Cependant, dès 2002, avec la loi de modernisation sociale fondatrice du répertoire national des certifications professionnelles
et de la VAE et plus encore celle de 2014, créant les blocs de compétences, ce lien direct et étroit entre diplôme (ou
certification professionnelle) et qualification se délite (Balas, à paraitre), rendant le paysage de la certification professionnelle
sans doute plus souple mais surtout moins lisible et moins protecteur pour les individus.
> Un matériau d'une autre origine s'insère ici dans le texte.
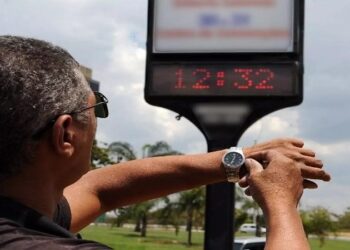 Suspenso desde 2019, o horário de verão não voltará em 2025, segundo o MME. Entenda por que o governo descarta a medida e conheça os principais prós e contras.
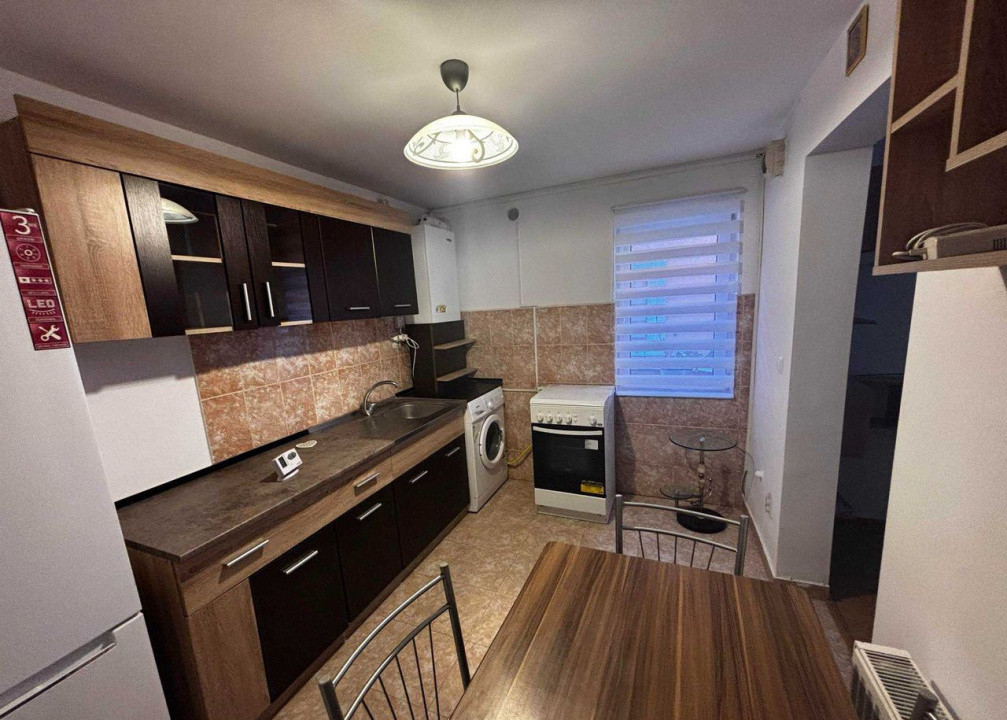 Apartament 2 camere la casă – Centrul Civic, zonă liniștită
C’est sur cette base affaiblie que la loi
du 5 septembre 2018 propose de faire reposer l’exercice de la liberté individuelle de choisir son avenir professionnel.
Nous tenterons de documenter cette tendance à travers une analyse règlementaire mais aussi des exemples issues
d’interventions dans plusieurs milieux professionnels portant sur la conception et la mise en œuvre de certifications
professionnelles.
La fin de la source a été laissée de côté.